To estimate the sample size for the study, we anticipated an increase in sperm concentration in the astaxanthin group, as reported in the only clinical study until now.46 With the assumption of a 34% increase as reported, with alpha 0.05 and power 80%, 32 cases were needed in each group. To account for drop-outs, we aimed to recruit 40 cases in each group.
Statistical analysis was carried out using the Statistical Package for the Social Science (SPSS), version 25, IBM Corp, Armonk, NY, USA. An independent Student’s t-test was used to analyze normally distributed data, and the Mann-Whitney test was used to analyze data that were not distributed normally. A paired t-test or the Wilcoxon test were applied to analyze the differences in the semen variables within groups. The chi-square test was applied to compare the exposure to occupational factors between groups. The results of continuous variables were expressed as the mean ± SD. P-values < 0.05 were considered significant.
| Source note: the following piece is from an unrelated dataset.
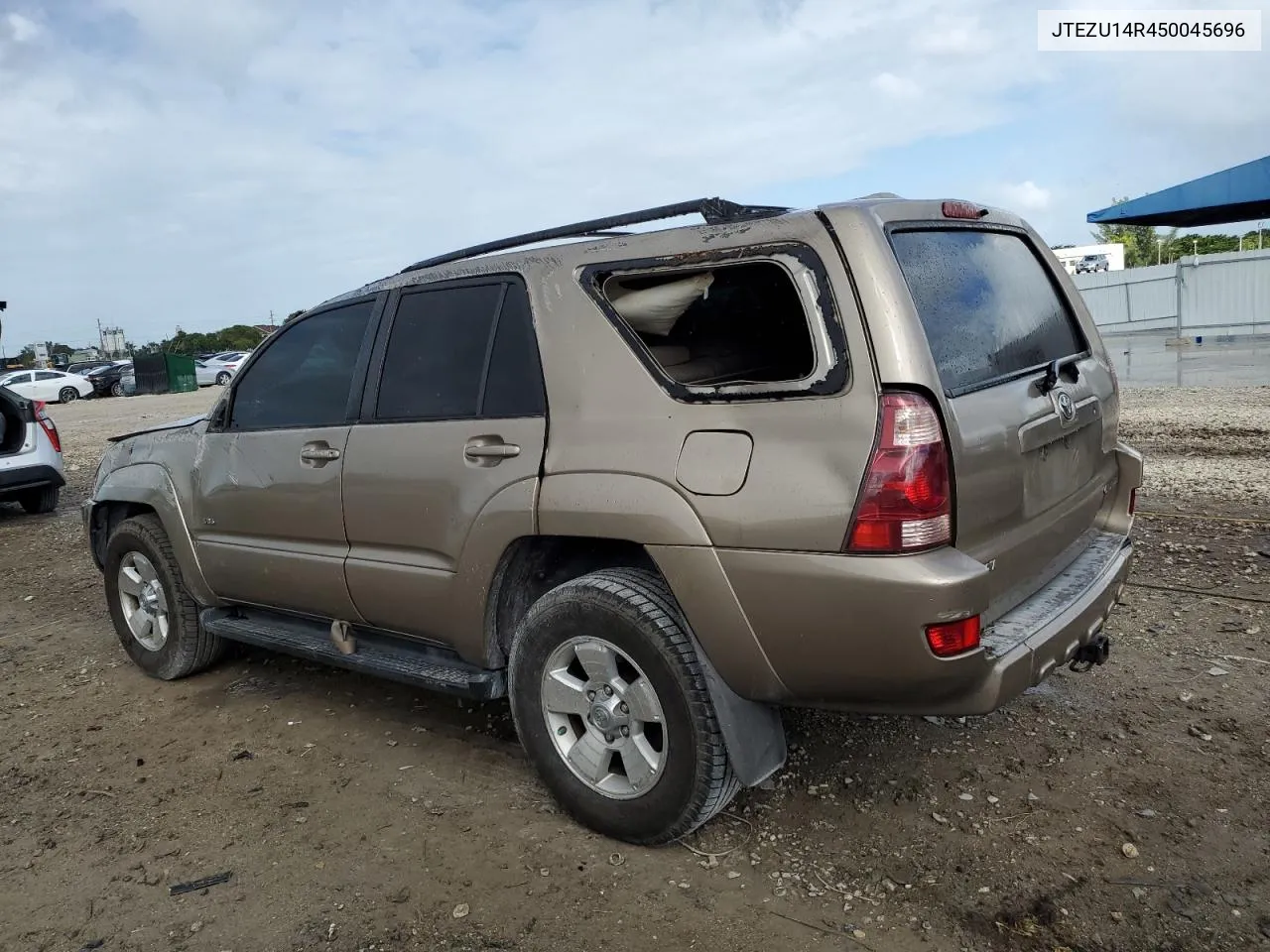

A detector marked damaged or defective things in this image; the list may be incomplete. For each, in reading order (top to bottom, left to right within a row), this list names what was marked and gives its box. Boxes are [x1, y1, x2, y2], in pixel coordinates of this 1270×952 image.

A group of 256 men was assessed for eligibility; half (126 men, 49.2%) declined to participate, and 50 did not meet the inclusion criteria; 80 men were eligible and willing to participate and these individuals were randomized. Eight patients in both groups (10%) dropped out for personal reasons during the treatment, and thus, 72 patients completed the trial. No adverse effects during the treatment were reported. Finally, we analyzed the effect of treatment in 37 patients in the astaxanthin and 35 patients in the placebo group (Figure 1).
Figure 1
CONSORT flow chart of study presenting the inclusion criteria, randomization and follow-up of participants.
Five patients were not included in the statistical analyses on changes in sperm total number and concentration and 27 patients were not includ ed in the statistical analyses on the motility of spermatozoa as in these patients only a few mobile or immobile spermatozoa in the semen sample were present. At baseline, all patients in the astaxanthin group were in accordance with WHO criteria for OAT. In the placebo group, all patients were in accordance with the WHO criteria for oligo-teratozoospermia and two-thirds for asthenozoospermia.
The epidemiological and semen characteristics of the included patients are summarized in Table 1. There were no statistically significant differences between all parameters of both groups of patients upon enrollment. In addition, exposure of patients to chemicals, ultraviolet rays, X-ray radiation, high temperature, and a sedentary job according to their history (questionnaire) have not been related to the semen parameters in the studied population of men.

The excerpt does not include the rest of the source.